ID: 1131 [see the .xml file]
Identifier: NLW 5500C, no. 94
Editors: Transcribed by Ffion Mair Jones; edited by Ffion Mair Jones; encoded by Vivien Williams. (2019)
Cite: 'Thomas Pennant to Richard Bull 16 April 1791' transcribed by Ffion Mair Jones; edited by Ffion Mair Jones; encoded by Vivien Williams. (2019) in Curious Travellers Digital Editions [editions.curioustravellers.ac.uk/doc/1131]

Dear Sir

Inclosed are instantly fulfilled the last of yr wishes.1 The rest shall be completed as soon as possible. I have packed up the print of Mr. Stillingfleet, a few of the Yr prints which I return, & 53 heads my son brought me from Paris in 1789. Please to keep what you like and return the others. Inclosed is a slate of our account: not sent by way of dun2 but that we may know how we stand. it must swell much more before it will be worth receiving. I think the first article is right: if you doubt, pray strike it out.

I must now without ceremony express my wants. a Duke of Wharton. small heads of favorite E. of Essex: & Sir W. Raleigh. a small martin van Tromp.

Heemskirk.

[...] As you run into every odd shop: I shall be vastly happy if you cd fall on vol [...] of Churchills collection of voyages, or vol. [...] odd volumes.3 The [...]one is much wanted for Guinea:4 the other for India. These I mention not as a beggar: but to be put to account: you know my little deserts, so leave it to you to stop yr bounty when you please.

I shall send the parcel possibly by the Salop coach on monday night for I pass through that proud town that day: I forgot to say that I put up the two curious drawing [sic] of the old London markets.

In [...] d[...] this days paper I see a new system of Natural history publishing by Cadel vol 1st. Pray get from Faulder for me. if neatly done the prints will be of use to both of us: but I will give my [...] opinion of it when it arrives.

If you get any of my desiderata, pray put them between my boards which you will receive by the coach & send them before May 5th to Mrs Pennant No 41 Upper Grosv street.

I lament that I cannot see yr fair daughters5 & yourself this summer: especially as possibly Mr Storer wd have made one of the party. I am equally grieved that of all things an aberration from the common roads of Great Britain, is the most impossible to Madam Pennant & self

As to the news respecting his royal Highness he is past the age of corrigibility. he a Henry Vth.!!! see my London new Edition p. 40. 416

As to my Lord de Cholmondely: we nice rustics will allow him every fine quality of the Jack-ass & nothing more.

and as to mi Lord de Cardigan: The usual pains & penaltyies of unequal matches will probably add ornaments to his coronet.

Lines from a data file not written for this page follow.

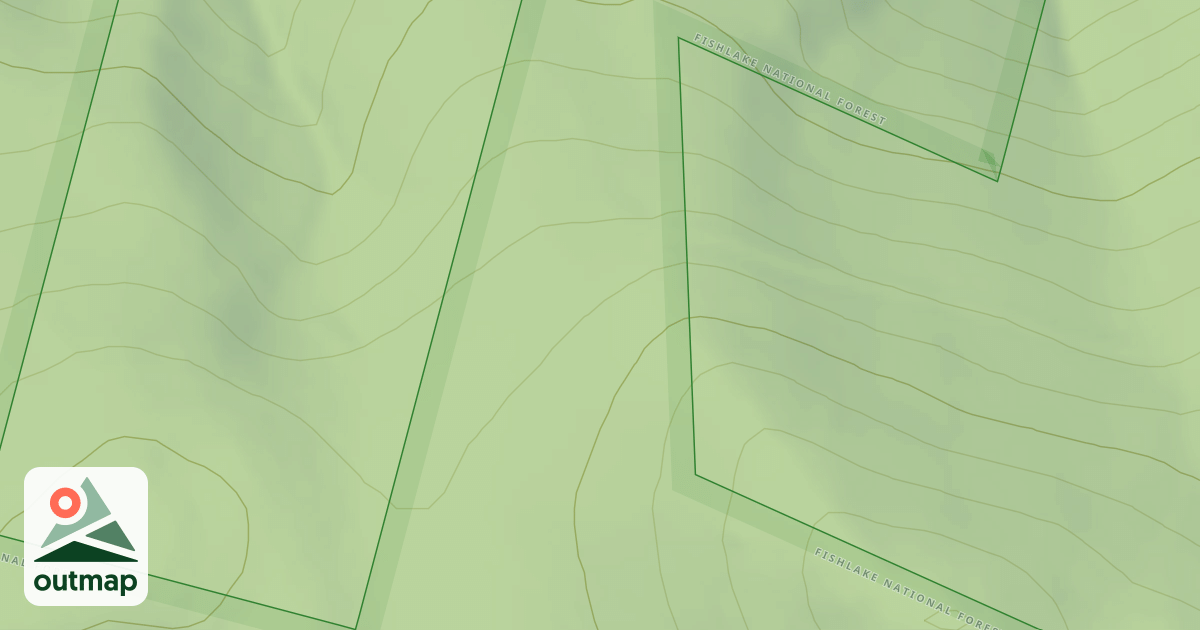 Map of 41078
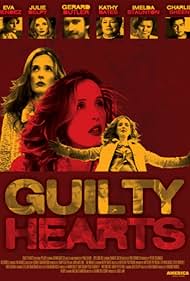 watch-Guilty Hearts (2011)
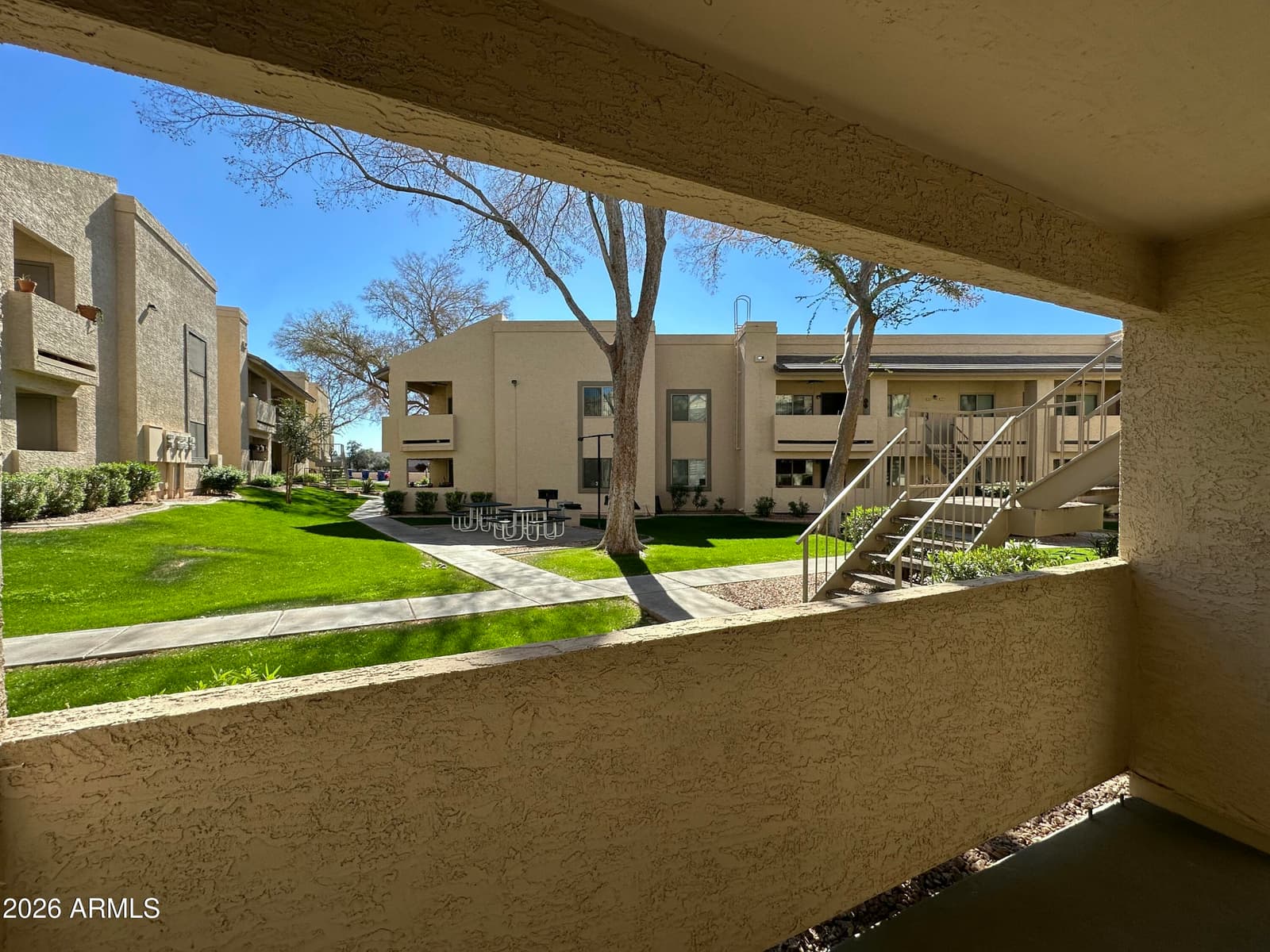 145 N 74TH Street 142, Mesa, AZ 85207 — photo 15 of 18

I am almost sorry that the Idea of the war lessens. I wish that dreadful woman of the north so cripple[...]d, that she may never stir again, even on [...] crutches. – stained with a husbands blood!!!

Reeking with a three days slaughter of thirty thousand ^gallant Turks at Ismael7 fighting pro aris et focis8 against an unjust invasion!!!

surrounding Europe with usurped dominions!!!9 acquir[...]ing a territory replete with forests of oaks, the magazine of resistless [...] navies, Which, with her infernal ambition, will make all Europe bend beneath her yoke!!!10

England in pity to the world, in pity to itself, must break her power. ^may the armed neutrality ever remain alta mente repostum: 11 & may the cry of the house echo from every part, DELENDA sit CATHERINA!!! 12

Tho. Pennant


Editorial notes

1. The enclosure is not preserved with the letter in the manuscript, but Bull's receipt of a parcel is acknowledged in 1132.
2. A 'dun' is 'An act of dunning or importuning, esp. for debt; a demand for payment'. OED.
4. Guinea, in north eastern Africa, belongs to the area covered in vol. XI of 'Outlines of the Globe'.
5. Elizabeth and Catherine Bull.
6. Some Account of London (1791), pp. 40–1, relates how Henry, Prince of Wales, later Henry V, was committed to the King's Bench prison for insulting a judge on the bench, a punishment to which he submitted peacefully.
7. This refers to a Russian attack on Izmail in south-western Ukraine, led by the Russian general Suwarrow. According to correspondence printed in the British press, the besieged garrison succumbed on 22 December 1790 with the loss of twenty-four thousand Turkish men and the imprisonment of ten thousand. See Hereford Journal, 2 February 1791; Derby Mercury, 24 February 1791.
8. 'for our altars and our hearths'.
9. During the reign of Catherine the Great, Russia's borders were extended southwards and westwards, with the addition of territories such as the Crimea, Belarus and Lithuania, and sections of Poland. This brought her borders well into central Europe. 'Catherine the Great (1729–1796), here [external link] [accessed 2 October 2018].
10. On British dependence on the Baltic region for wood for armament, see 1022, n. 4.
11. 'stored deep in the mind'. See Virgil, Aeneid, Book I, line 26.